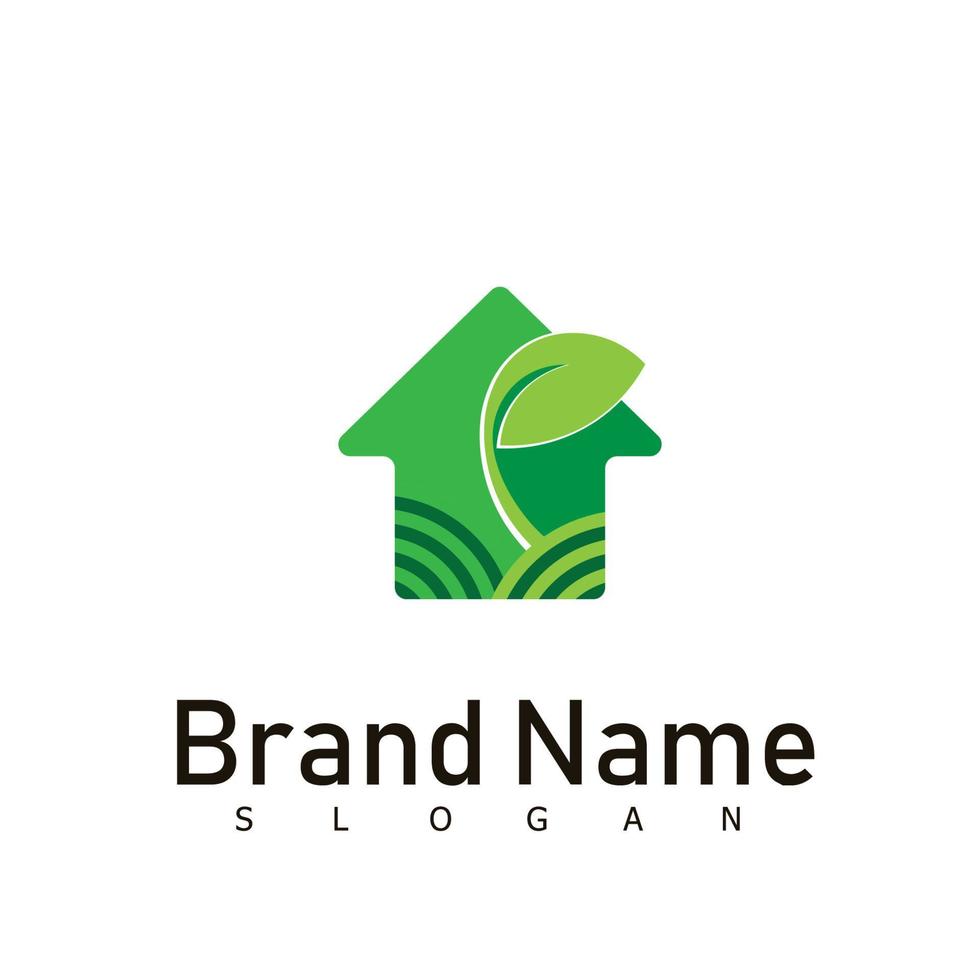 green house nature real estate logo design symbol vector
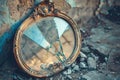 A broken mirror lying on the ground beside a wall, perfect for use in scenes of abandonment or neglect Royalty Free Stock Photo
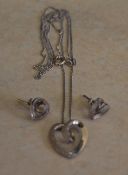 9ct white gold matching pendant and earr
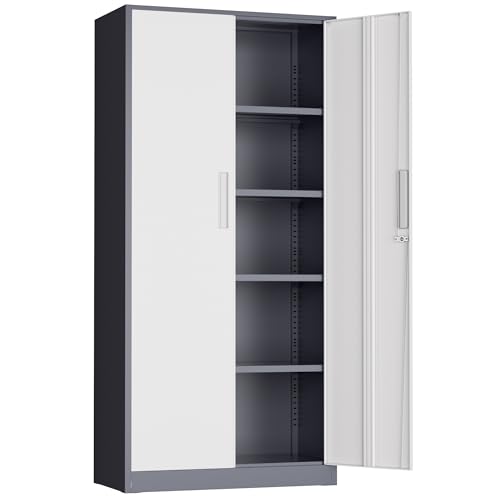 72” Metal Storage Cabinet, Garage Cabinets and Storage System with Doors and Shelves, Tall Lockable Tool Cabinet for Garage, Office, Home (Grey White) - color: Grey White, size: 72"Storage Cabinet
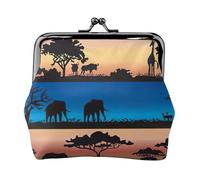 Monedero pequeño con estampado de animales salvajes africanos, cartera de viaje ligera para excursiones turísticas y compras, Black, Talla única, Bolsa para monedas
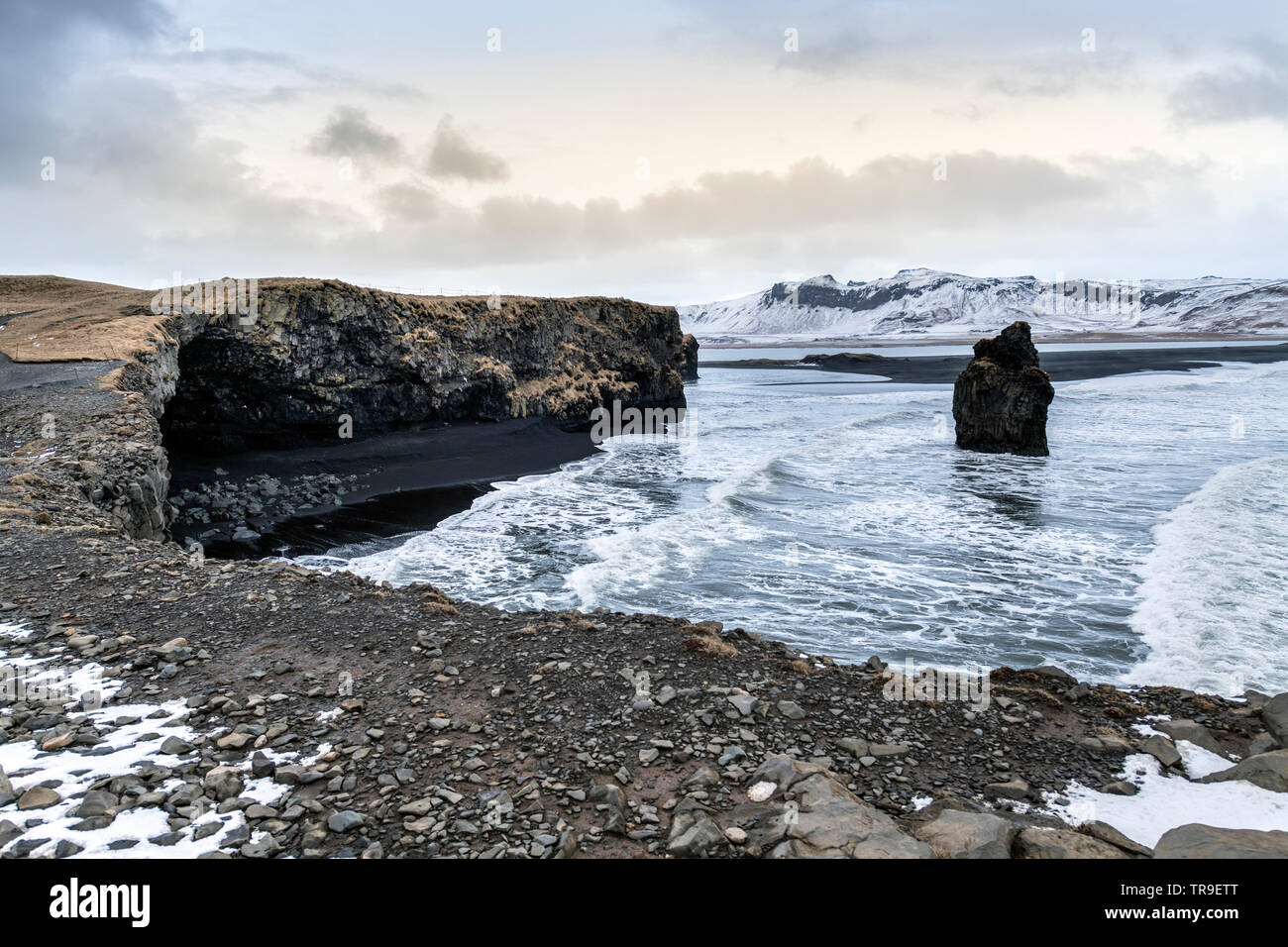 Reynisdrangar Rock Formations At Black Reynisfjara Beach Coast Of The Atlantic Ocean Near Vik Southern Iceland Stock Photo Alamy alamy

◆ WHAT YOU NEED TO DO ◆
Every line of the data should be transcribed exactly. Omit the images.

◆ EXERCISE ANSWER ◆
 green house nature real estate logo design symbol vector
 A broken mirror lying on the ground beside a wall, perfect for use in scenes of abandonment or neglect Royalty Free Stock Photo
 9ct white gold matching pendant and earr
 72” Metal Storage Cabinet, Garage Cabinets and Storage System with Doors and Shelves, Tall Lockable Tool Cabinet for Garage, Office, Home (Grey White) - color: Grey White, size: 72"Storage Cabinet
 Monedero pequeño con estampado de animales salvajes africanos, cartera de viaje ligera para excursiones turísticas y compras, Black, Talla única, Bolsa para monedas
 Reynisdrangar Rock Formations At Black Reynisfjara Beach Coast Of The Atlantic Ocean Near Vik Southern Iceland Stock Photo Alamy alamy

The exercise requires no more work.